Your task —
Could you please output all of the data exactly, without the images?
═════ Data excerpt ═════
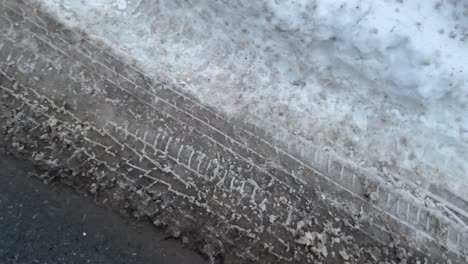 dirty muddy compact snow tire tracks from car tires on road during winter with snow melting into slush with spring coming in canada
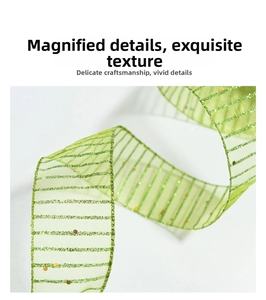 Close-up of light green sheer organza ribbon with green glitter stripes and gold sequins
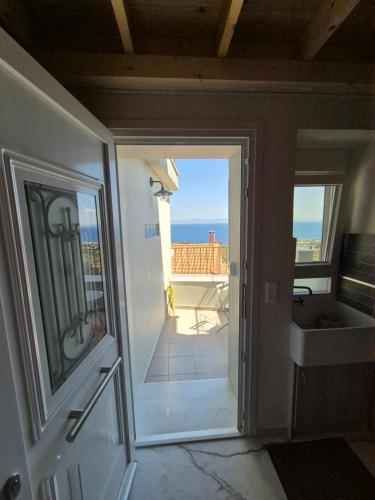 een deur naar een kamer met uitzicht op een balkon bij Ελιά Ξενώνας / Elia Xenonas in Mytilini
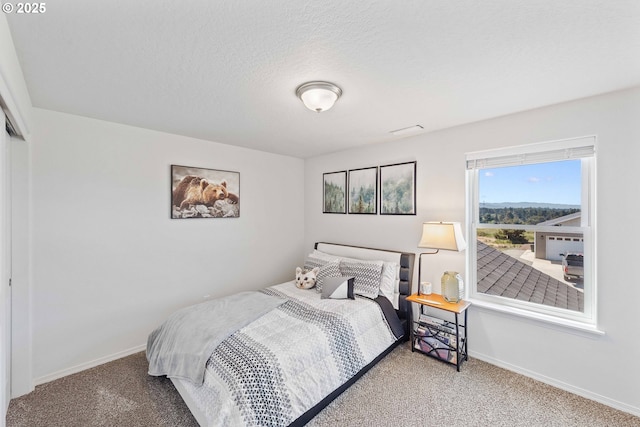 764 Seacrest Dr, Bandon, OR 97411 - carpeted bedroom featuring baseboards and a textured ceiling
═════
Answer —
 dirty muddy compact snow tire tracks from car tires on road during winter with snow melting into slush with spring coming in canada
 Close-up of light green sheer organza ribbon with green glitter stripes and gold sequins
 een deur naar een kamer met uitzicht op een balkon bij Ελιά Ξενώνας / Elia Xenonas in Mytilini
 764 Seacrest Dr, Bandon, OR 97411 - carpeted bedroom featuring baseboards and a textured ceiling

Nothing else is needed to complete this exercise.